The graphic on the right illustrates the reason why, nicely.
I await the ruling of the Ontario Labour Relations Board over whether tomorrow's "Day of Protest" action by Ontario's English public elementary school teachers constitutes an illegal strike, but whatever the ruling, I have to say that I am far more inclined to blame the McGuinty government for this current mess than I am rank and file teachers, or even the union executive.
I had plans tomorrow, and they are now scrubbed. I expect I'll be taking care of my kids, and possibly other neighbourhood kids of parents who have far less flexibility than I do. I sympathize with the frustration that is out there, and I fear that the union risks a significant loss in public support if they continue to use these tactics. At the same time, I cannot help but wonder what else teachers are supposed to do?
I don't believe that the McGuinty government has been negotiating in good faith, here. They talked for a lot longer to our province's doctors, other teachers, and certainly the bulk of the public service, and they were able to secure decent deals that have avoided workplace action. Given the disparity of the numbers in the graphic, I cannot believe that the McGuinty government even tried to talk to elementary school teachers. Instead, they lowered the boom. They imposed legislation before even beginning serious negotiations and, when negotiations didn't take place (surprise, surprise -- how do you negotiate with someone who has pointed a loaded gun at you?), they imposed a contract.

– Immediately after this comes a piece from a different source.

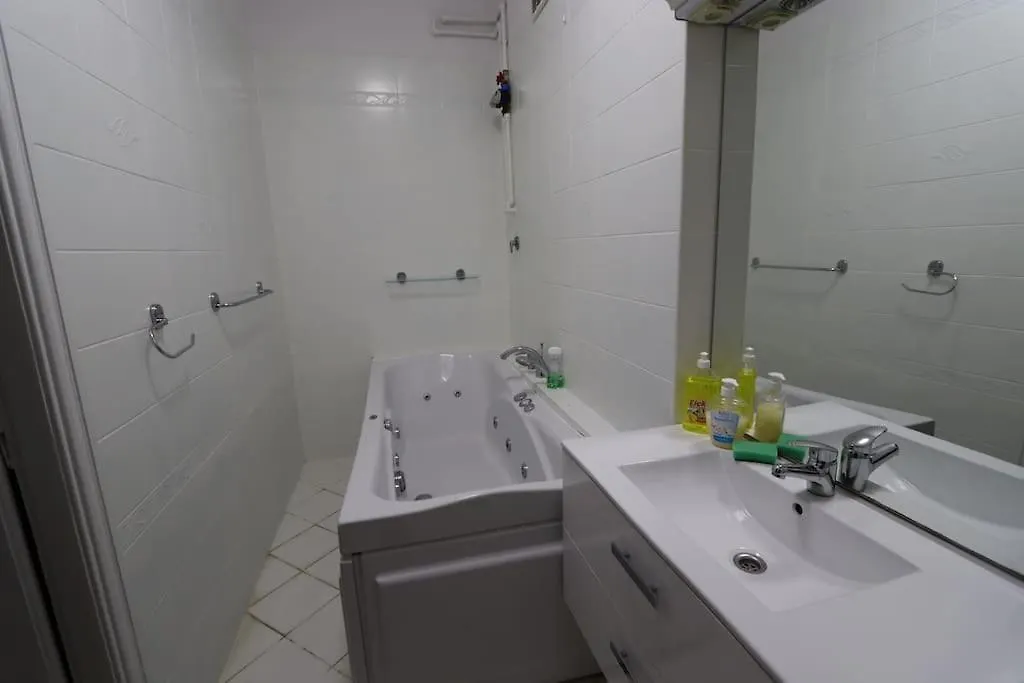 Apartment Fantastic Waw - W8 Room A Warsaw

In our democratic system, we have a right to freedom of association. We have a right to work together and negotiate the best deal possible with our employers. We also have a right to speak up and express our displeasure when the government moves in ways we don't like. I'll leave it up to the Labour Relations Board over whether tomorrow's action by teachers is an illegal strike, but I don't blame the teachers for protesting. Not at all.